_EXERCISE DIRECTIONS_: Only one stretch of the data is wanted: the line containing "Crimson Floral Vines Border Rug", the line containing "cubot kingkong ax", and every line between them, copied exactly.
—————
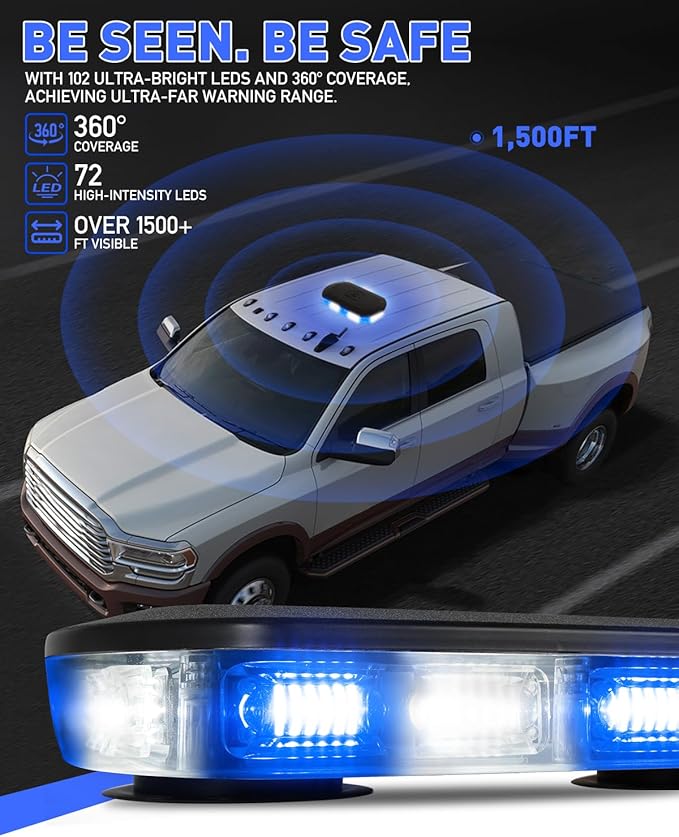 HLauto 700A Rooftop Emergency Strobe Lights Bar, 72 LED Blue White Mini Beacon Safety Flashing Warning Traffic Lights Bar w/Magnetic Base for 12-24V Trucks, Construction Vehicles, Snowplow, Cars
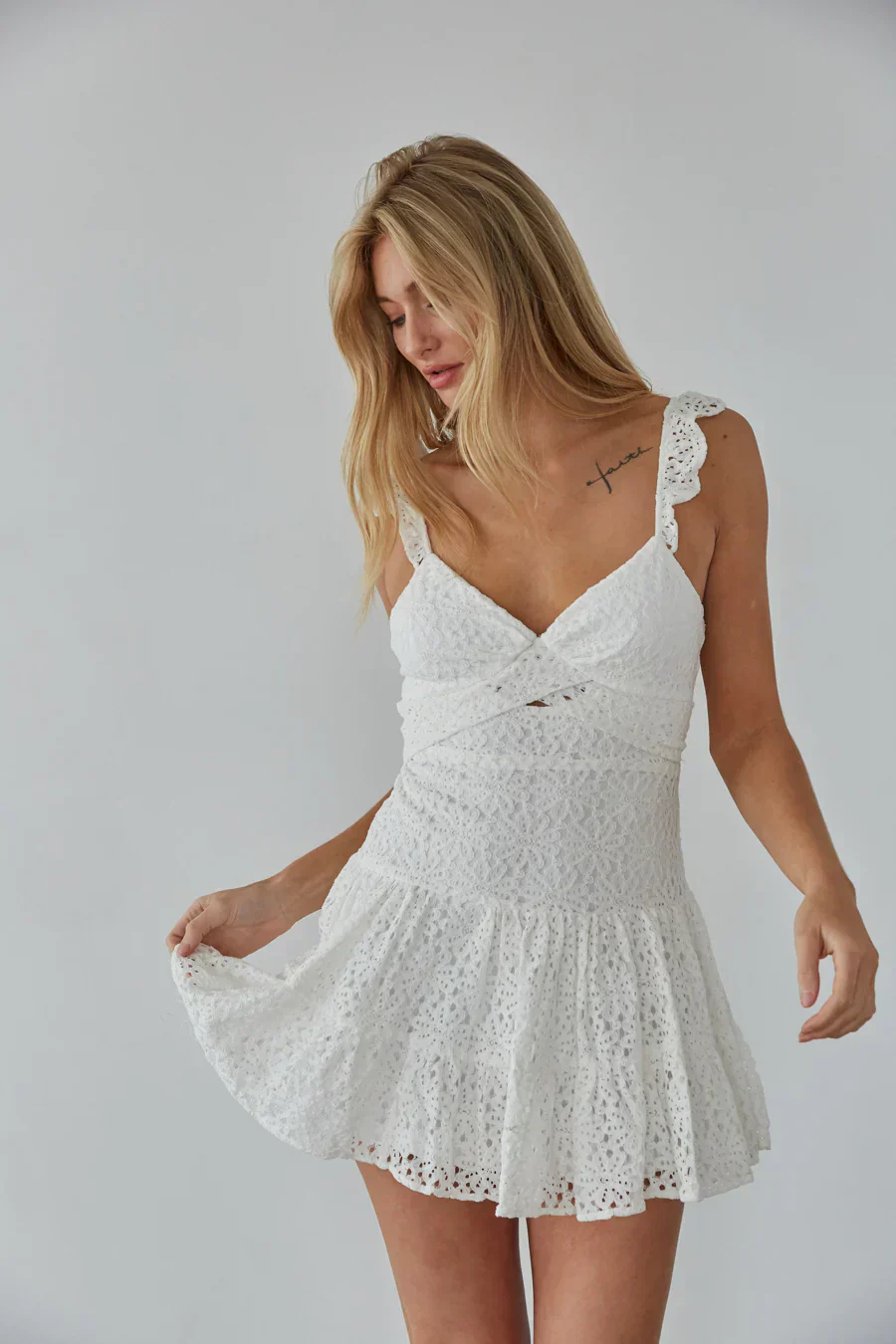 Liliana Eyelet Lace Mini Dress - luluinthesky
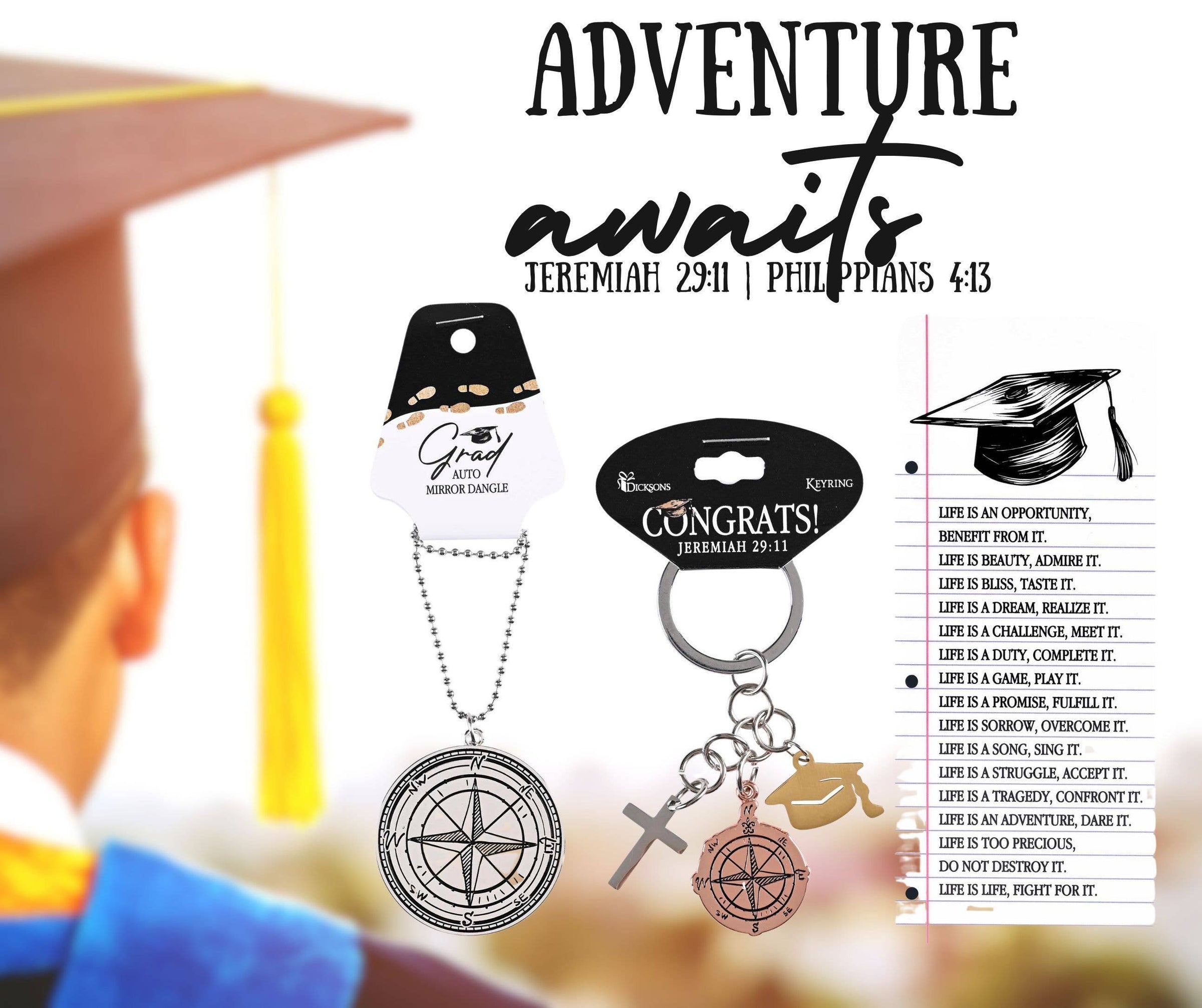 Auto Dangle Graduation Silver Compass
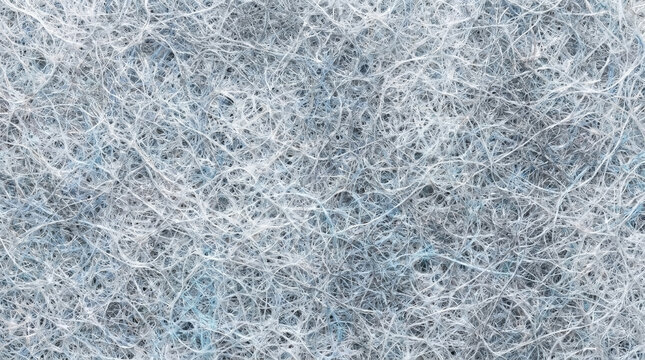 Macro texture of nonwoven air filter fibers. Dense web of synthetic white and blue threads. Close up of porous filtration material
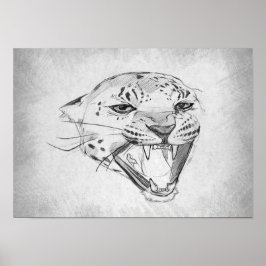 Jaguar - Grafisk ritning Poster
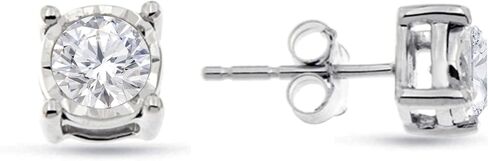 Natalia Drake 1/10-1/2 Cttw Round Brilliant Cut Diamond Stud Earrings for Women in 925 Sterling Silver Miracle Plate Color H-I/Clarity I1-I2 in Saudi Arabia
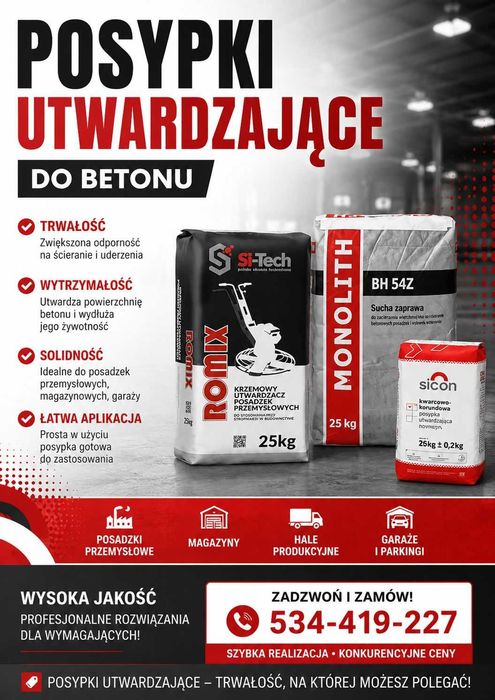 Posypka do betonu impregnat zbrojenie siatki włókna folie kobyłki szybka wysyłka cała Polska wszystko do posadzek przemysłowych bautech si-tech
—————
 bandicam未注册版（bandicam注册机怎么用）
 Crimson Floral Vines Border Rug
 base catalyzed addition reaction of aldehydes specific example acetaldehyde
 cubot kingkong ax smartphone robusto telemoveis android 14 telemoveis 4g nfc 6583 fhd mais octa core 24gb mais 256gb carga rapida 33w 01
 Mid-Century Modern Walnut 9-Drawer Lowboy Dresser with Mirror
—————
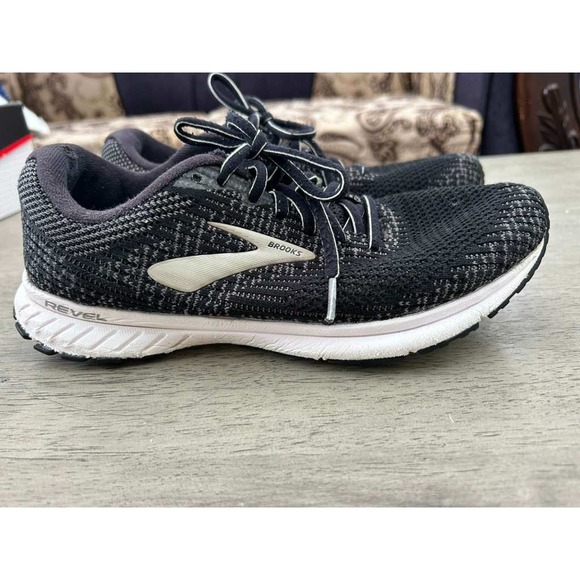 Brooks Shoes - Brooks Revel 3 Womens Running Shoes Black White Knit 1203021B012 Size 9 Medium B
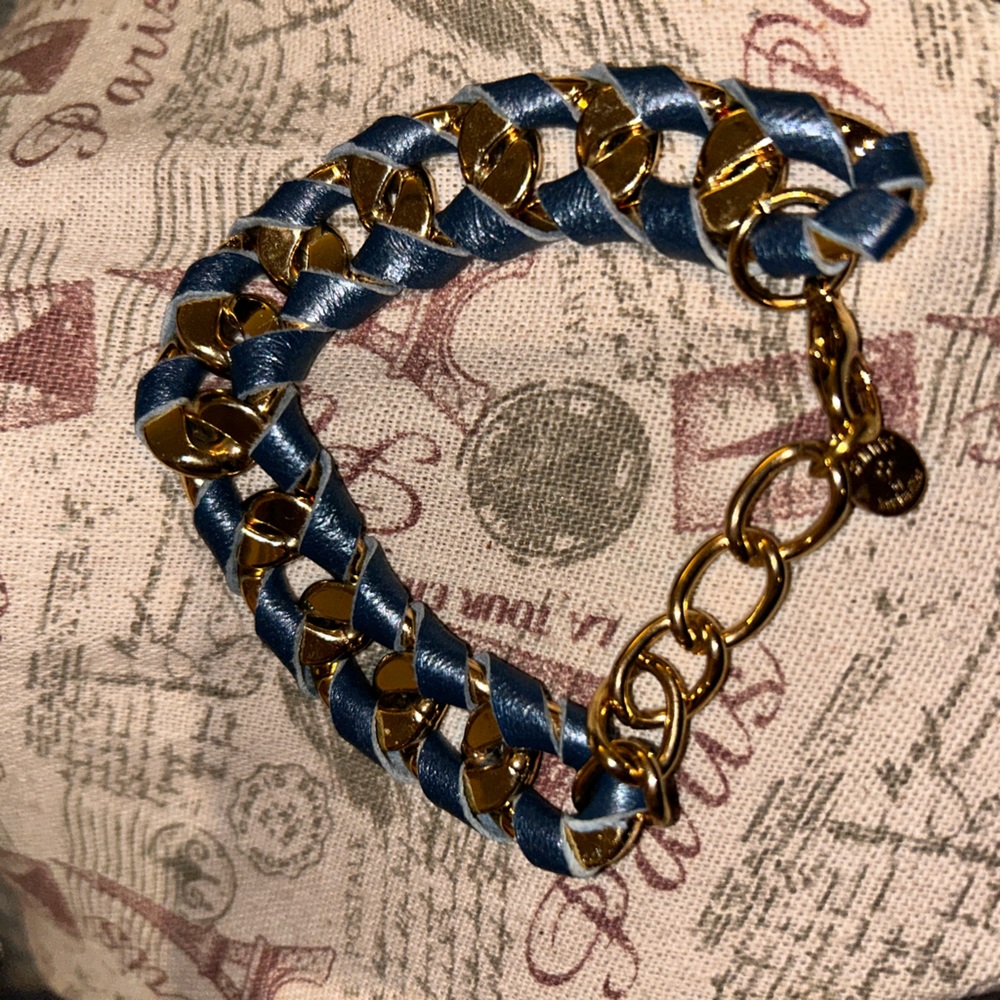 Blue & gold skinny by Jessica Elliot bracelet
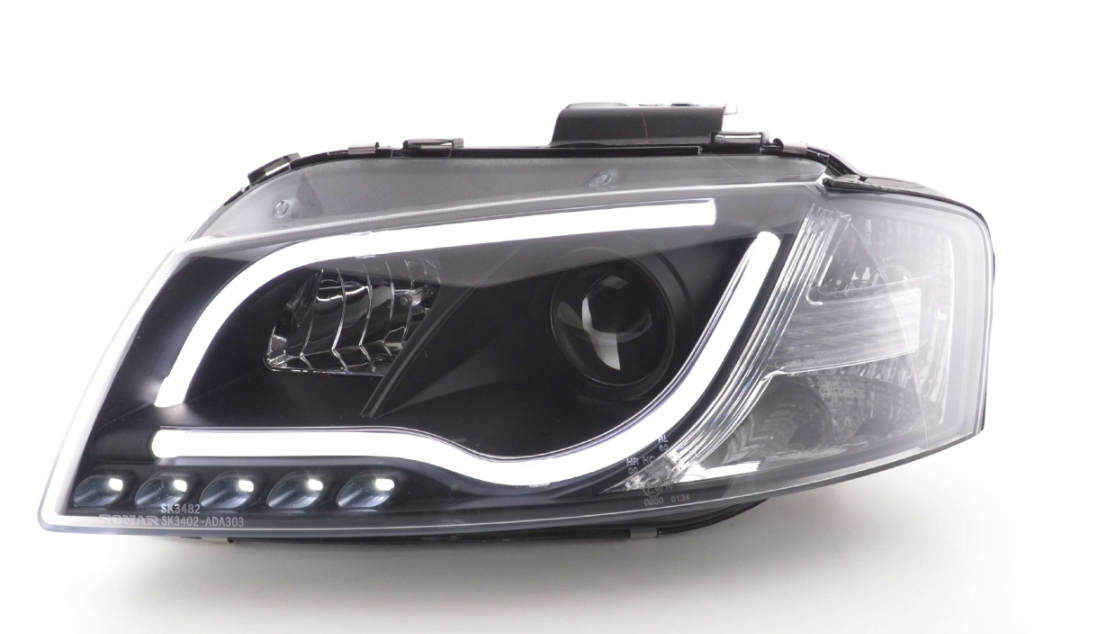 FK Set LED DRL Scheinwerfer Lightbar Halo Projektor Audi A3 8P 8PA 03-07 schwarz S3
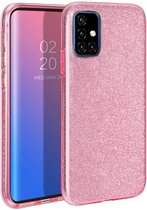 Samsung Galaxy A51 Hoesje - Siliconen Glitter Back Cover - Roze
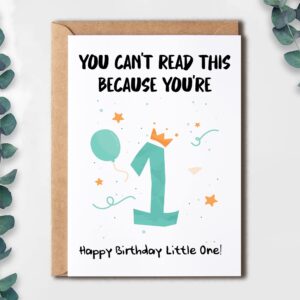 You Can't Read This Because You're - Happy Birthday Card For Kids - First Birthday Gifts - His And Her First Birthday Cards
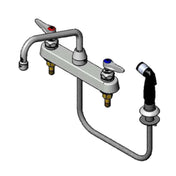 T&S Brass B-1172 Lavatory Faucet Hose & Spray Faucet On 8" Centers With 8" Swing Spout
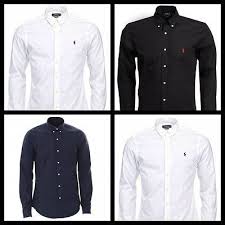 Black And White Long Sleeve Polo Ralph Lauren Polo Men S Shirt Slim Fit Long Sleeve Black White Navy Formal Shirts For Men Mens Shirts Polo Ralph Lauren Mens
—————
_ANSWER TO THE PROBLEM_:
 Crimson Floral Vines Border Rug
 base catalyzed addition reaction of aldehydes specific example acetaldehyde
 cubot kingkong ax smartphone robusto telemoveis android 14 telemoveis 4g nfc 6583 fhd mais octa core 24gb mais 256gb carga rapida 33w 01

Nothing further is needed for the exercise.